Toward dusk Welton entered the boarding house where Bob was sitting rather gloomily by the central stove. The big man plumped himself down into a protesting chair, and took off his slouch hat. Bob saw his low, square forehead with the peculiar hair, black and gray in streaks, curling at the ends.

"Why don't you take a little trip with me up to the Cedar Branch?" he asked Bob without preamble. "No use your going home right now. Your family's in Washington; and will be for a month or so yet."

Bob thought it over.

"Believe I will," he decided at last.

"Do so!" cried Welton heartily. "Might as well see a little of the life. Don't suppose you ever went on a drive with your dad when you were a kid?"

"No," said Bob, "I used to go up to the booms with him--I remember them very well; but we moved up to Redding before I was old enough to get about much."

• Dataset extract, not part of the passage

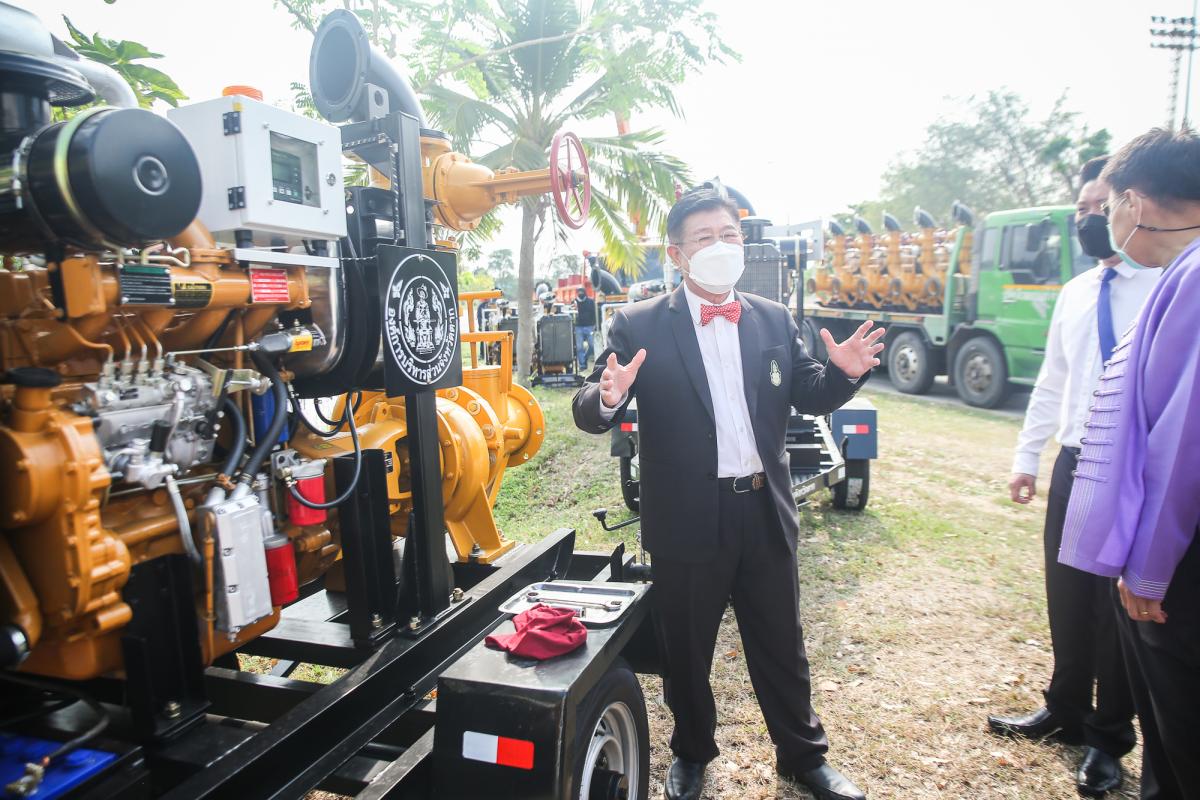 นายณัฐวุฒิ ทวีเกื้อกูลกิจ นายกองค์การบริหารส่วนจังหวัดตาก และ ว่าที่ ดร.ฑีฆะพล ทวีเกื้อกูลกิจ รองนายกองค์การบริหารส่วนจังหวัดตาก พร้อมด้วยคณะผู้บริหารและหัวหน้าส่วนราชการ ตรวจติดตามการจัดซื้อเครื่องสูบน้ำที่ทางสำนักช่าง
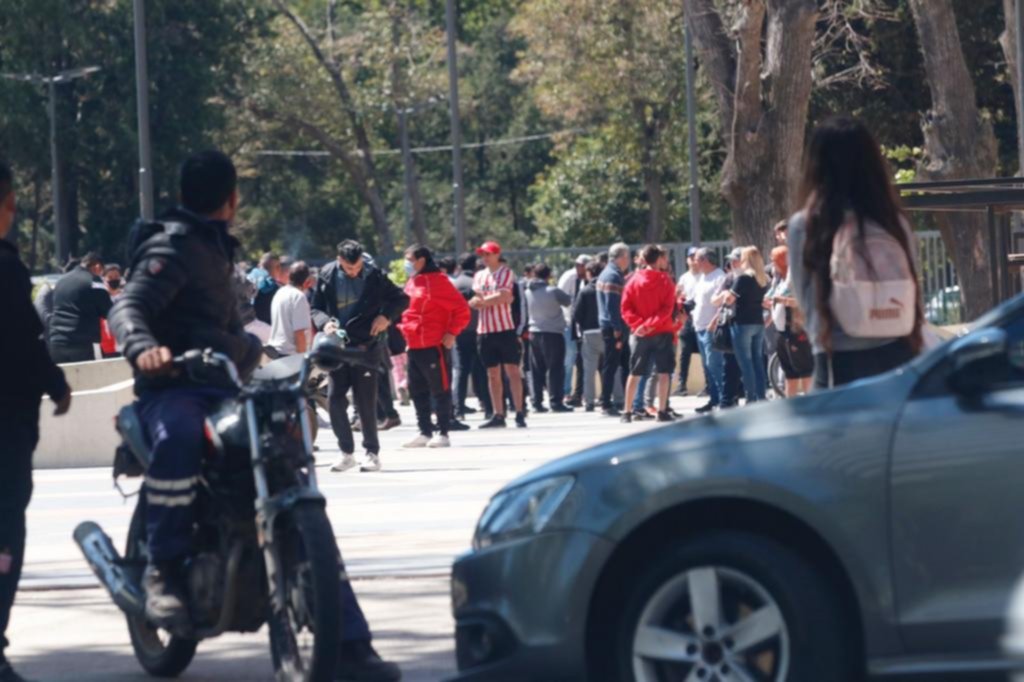 Quedan pocas generales y los barras merodearon el estadio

Welton nodded his great head.

"Good old days," he commented; "and let me tell you, your dad was one of the best of 'em. Jack Orde is a name you can scare fresh young rivermen with yet," he added with a laugh. "Well, pack your turkey to-night; we'll take the early train to-morrow."

That evening Bob laid out what he intended to take with him, and was just about to stuff it into a pair of canvas bags when Tommy Gould, the youngest scaler, pushed open the door.

"Hello!" he smiled engagingly; "where are you going? Been transferred from the office?"

"On drive," said Bob, diplomatically ignoring the last question.

Tommy sat down on the edge of the bed and laughed until he was weak. Bob stared at him.

"Is there anything funny?" he inquired at last.

"Did you say on drive?" inquired Tommy feebly.

"Certainly."

"With that?" Tommy pointed a wavering finger at the pile of duffle.

"What's the matter with it?" inquired Bob, a trifle uncertainly.

"Oh, _it's_ all right. Only wait till Roaring Dick sees it. I'd like to see his face."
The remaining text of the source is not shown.